Stamic Quartet, Prague Wind Quintet, Patricia Goodson, Vilém Veverka, Jan Machat


Biography Stamic Quartet, Prague Wind Quintet, Patricia Goodson, Vilém Veverka, Jan Machat



The Stamic Quartet
was established in 1985 by four experienced performers – Bohuslav Matoušek, Josef Kekula, Jan Pěruška and Vladimír Leixner – and was a success right from its very start. The following year the ensemble won the Czech Chamber Music Society prize, and soon afterwards in Switzerland it made its first recordings. During that same period the ensemble also won a quartet competition organized by European radio stations in Salzburg (1986), which led to appearances in concert halls throughout the world. The quartet has performed in London (the Queen Elizabeth Hall), Rome (Santa Cecilia), Zurich (Tonhalle), Washington (the Kennedy Center), New York (the Metropolitan Museum), Tokyo (the Tsuda Hall) and elsewhere. It is a frequent guest at the most prestigious festivals, including, of course, the Prague Spring festival. The ensemble has a broad repertoire that incorporates works from the very earliest years of string quartet history right up to the most progressive works in contemporary quartet writing.
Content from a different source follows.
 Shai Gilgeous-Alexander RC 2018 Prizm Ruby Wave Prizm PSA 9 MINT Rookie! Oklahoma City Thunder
The Stamic Quartet very much enjoys reviving forgotten Czech works of the Classical period. In recent years it has learnt and performed quartets by several Czech composers living and working in Vienna at that time, including Jan Křtitel Vaňhal, Pavel Vranický and Leopold Koželuh. As regards the music of Pavel Vranický, the ensemble’s members also work as specialist consultants in the publication of the composer’s string quartet works. Among their highly acclaimed recordings are complete sets of the string quartets of Josef Bohuslav Foerster and especially the quartets of Sofia Gubaidulina. The Stamic Quartet’s current line-up with the first violinist Jindřich Pazdera and the cellist Petr Hejný, who replaced the prematurely deceased Vladimír Leixner, links up in all respects to the ensemble’s finest traditions – original sound, extensive repertoire, as well as high artistic quality.

The Prague Wind Quintet
is an ensemble of Czech origin. Beethoven's onetime colleague, the Czech flutist and composer Antonin Reicha, invented this format and wrote 26 quintets which set the standard. The year 1998 is the 70th anniversary of the Prague Wind Quintet. The original quintet was established in 1928 by the oboist and long-time permanent conductor of the Prague Symphony Orchestra Vaclav Smetacek (1906-1986). The quintet was reorganized in 1968 with new members.

The ensemble has long given concerts throughout Europe and the USA. They have recorded entensively. It has received critical acclaim for its instrumental mastery and unique feeling for style. The quintet gives definitive interpretations of all the classics of the literature, but contemporary music forms a significant part of its repetoire, because composers have written many compositions for them after hearing one of their performances.